Angeführte Entscheidungen:
-
Anführungen in anderen Entscheidungen:
-

Sachverhalt und Anträge

I. In der mündlichen Verhandlung vom 3. Juli 1997 hat die Einspruchsabteilung das europäische Patent Nr. 0 468 607 im Lichte der

(D6) DE-A-2 248 066

widerrufen; die schriftliche Entscheidung erging am 31. Juli 1997.

II. Gegen vorgenannte Entscheidung der Einspruchsabteilung hat die Patentinhaberin - nachfolgend Beschwerdeführerin - am 29. September 1997 unter gleichzeitiger Zahlung der Gebühr Beschwerde eingelegt.

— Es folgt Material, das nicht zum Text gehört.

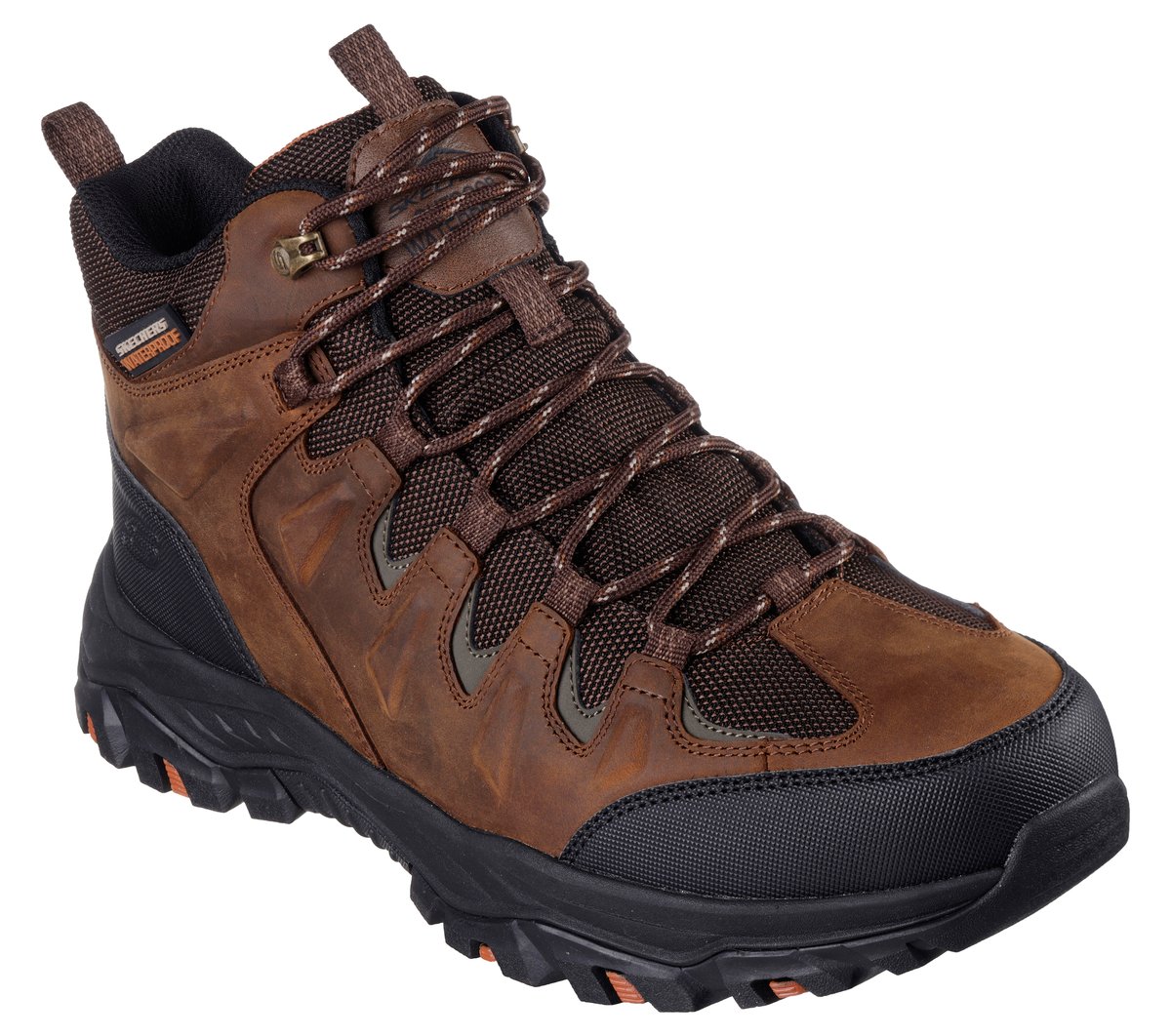 Skechers Waterproof Relaxed Fit: Rickter - Branson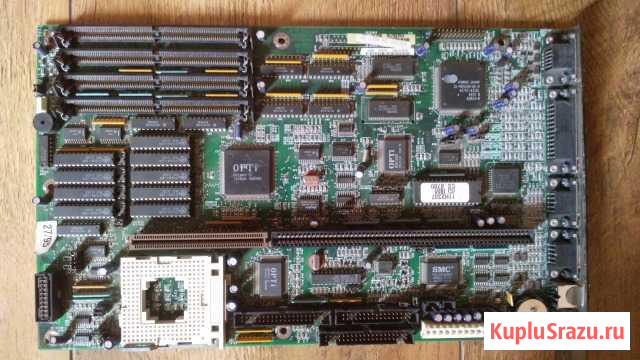 Материнка для IBM PC 350-466DX2 Орёл - изображение 1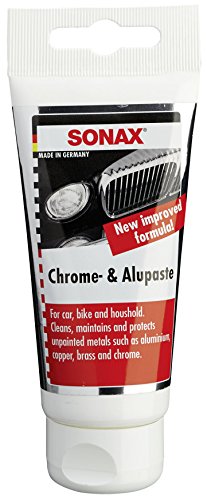 Sonax Pflegemittel Chrom- und Alu-Paste, 75 ml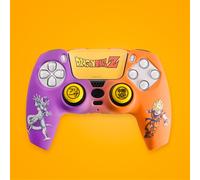 FUNDA + GRIPS FR-TEC PS5 DRAGON BALL "ENEMIES" DBPS5CPENE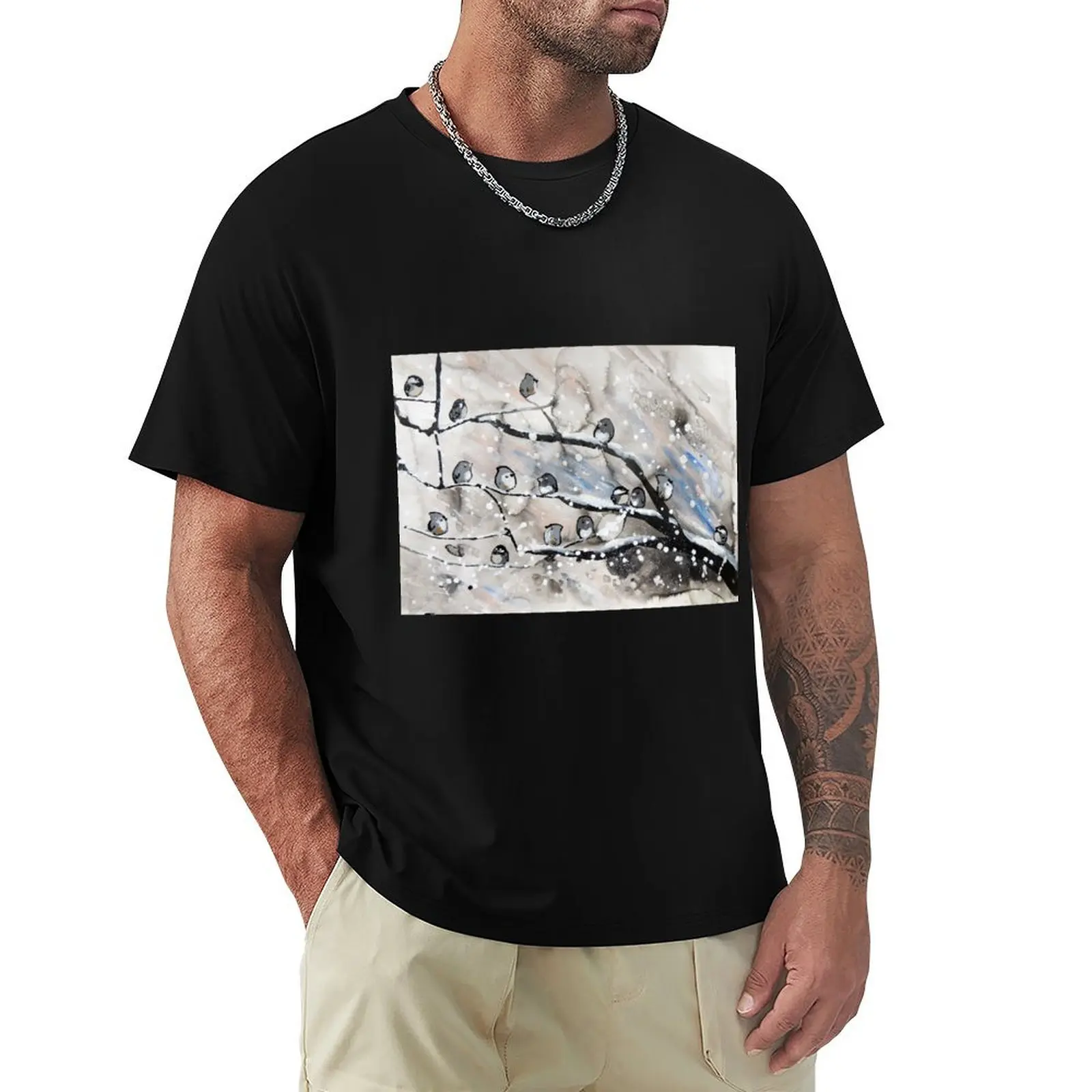 Feeder Friends T-Shirt anime clothes anime stuff baggy shirts shirts graphic tees men graphic t shirts
Feeder Friends T-Shirt anime clothes anime stuff baggy shirts shirts graphic tees men graphic t shirts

Die Beschwerdebegründung wurde am 29. Oktober 1997 zusammen mit neugefaßten Ansprüchen 1 bis 3 eingereicht.

III. Auf die Mitteilung gemäß Artikel 11 (2) VOBK der Kammer vom 9. September 1999 hin legte die Beschwerdeführerin mit Eingabe vom 15. Februar 2000 folgende Unterlagen vor:

- Ansprüche 1 bis 14

- Beschreibung, Seiten 2 bis 6

- Figuren 1 bis 11a) - c).

Die unabhängigen Ansprüche 1 und 2, die mit den mit der Beschwerdebegründung eingereichten Ansprüchen 1 und 2 identisch sind, haben folgenden Wortlaut:

"1. Flüssigkeitsgekühlte, oszillierbar gelagerte Kokille für das Stranggießen von Metallen, insbesondere Stahl, mit einer formgebenden Wandung (1) aus einem insbesondere metallischen Werkstoff, die an Stützplatten (2) befestigt ist und mit Anschlüssen (14) für eine Kühlflüssigkeit zur Kühlung der Wandung versehen ist, wobei sich an sich gegenüberliegenden Stützplatten (2) an der der Wandung (1) abgekehrten Seite der Breitseiten direkt oder über mit den Stützplatten verbundene Flansche Federelemente (7), die gleichsinnig mit der Gießrichtung eine wesentlich geringere Steifigkeit gegenüber den beiden Querrichtungen aufweisen, in gleichmäßiger Verteilung einseitig befestigt sind, die Federelemente (7) sich in einer Richtung quer zur Gießrichtung erstrecken, die gegenüberliegenden Enden der Federelemente (7) an Tragplatten (6) befestigt sind, die Tragplatten (6) mit einem ortsfesten Grundrahmen (12) verbunden sind, an den Stützplatten (2) eine Oszillationseinrichtung (16, 17) angreift, und die Lage der Federelemente (7) auf den Krümmungsmittelpunkt der Kokille in der Weise ausgerichtet ist und der Anlenkpunkt der Federelemente (7) an der Stützplatte (2) um den Betrag der statischen Durchsenkung derart versetzt ist, dass sie im belasteten Zustand eine derartige Lage einnehmen, wie sie im unbelasteten Zustand bei Ausrichtung auf den Krümmungsmittelpunkt bzw. eine durch den Krümmungsmittelpunkt gelegten Achse (22) einnehmen würde."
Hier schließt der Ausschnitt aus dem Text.